Lo segnala un report stilato dal Centro studi della Cna Sardegna che analizza l’ultimo censimento dell’Istat, secondo il quale le perdite idriche nei comuni capoluogo sardi sono superiori alla media regionale, fino a sfiorare il 63% nel comune di Sassari. “La rete idrica sarda è un colabrodo e non garantisce un’acqua di buona qualità – spiegano nel dossier -. Prova ne sia il fatto che il 12% della popolazione isolana si lamenta e addirittura il 50% non si fida di berla e ricorre all’acqua in bottiglia.
Secondo quanto emerso dall’analisi di Cna c’è un’enorme differenza tra la quantità di acqua immessa nella tubature e quella effettivamente erogata. Diverse le cause: “Sono attribuibili solo in parte ad una perdita fisiologica, che incide inevitabilmente su tutte le infrastrutture idriche e varia generalmente tra il 5% e il 10%, – spiegano dal Centro stud -, in parte da prelievi abusivi (3-5% in media), il resto è dovuto al volume di acqua che fuoriesce dal sistema di distribuzione a causa di vetustà degli impianti, corrosione, deterioramento o rottura delle tubazioni”. Per migliorare la situazione e arginare le perdite nei 13.450 chilometri di rete idrica andrebbero eseguiti interventi immediati.

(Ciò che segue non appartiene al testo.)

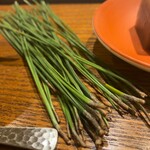 銀座うち山 - 松葉の演出さえ粋に感じる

“La Cna stima che ricostruire a nuovo la rete acquedottistica regionale costerebbe circa 2,7 miliardi di euro – spiegano -. La sola manutenzione così come è condotta attualmente non è più sufficiente. Si consideri che a livello nazionale, dove la situazione media è meno compromessa, agli attuali ritmi di sostituzione della rete con più di 50 anni si stima che si arriverà ad una situazione di rinnovo complessivo in 52/55 anni. Naturalmente, nel frattempo, i restanti chilometri di rete saranno tutti entrati nei 50 anni di vita”.

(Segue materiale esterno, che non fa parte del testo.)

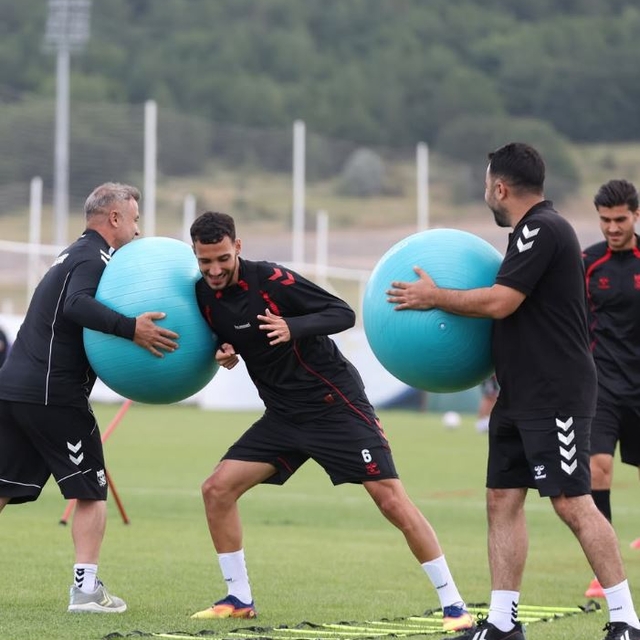 Sivasspor, yeni sezon öncesi Erciyes'te güç depoluyor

La situazione pessima della rete si ripercuote chiaramente sulle famiglie che secondo una ricerca pubblicata nel 2020 dall’Università di Cagliari, preferiscono non bere l’acqua del rubinetto perché lo reputano un rischio. “Dai dati pubblicati dall’Istat – spiegano da Cna – emerge che il 30 per cento delle famiglie sarde non è soddisfatto del servizio idrico e quasi il 10% non lo è per niente: tre volte di più della media nazionale che si attesta a 2,9 per cento”.
L’insoddisfazione, secondo gli esperti del Centro studi Cna, è legata a diversi fattori: frequenti interruzioni del servizio, caro bolletta, ma anche la qualità stessa dell’acqua, cioè sapore, odore e colore. Una serie di fattori concomitanti che porta il 12 per cento dei sardi a ‘bocciare’ l’acqua del rubinetto spingendoli a comprare quella in bottiglia e di conseguenza a produrre sempre più rifiuti plastici.
“In un contesto di sempre maggiore scarsità della risorsa idrica, specialmente in Sardegna – commentano Luigi Tomasi e Francesco Porcu, rispettivamente presidente e segretario regionale della Cna Sardegna –, è prioritario affrontare il problema dell’infrastruttura idrica regionale al fine di ridurre gli sprechi, abbassare il costo a carico delle famiglie per il consumo di acqua in bottiglia , limitare i consumi di plastica e i rischi ambientali connessi al loro riuso e smaltimento”.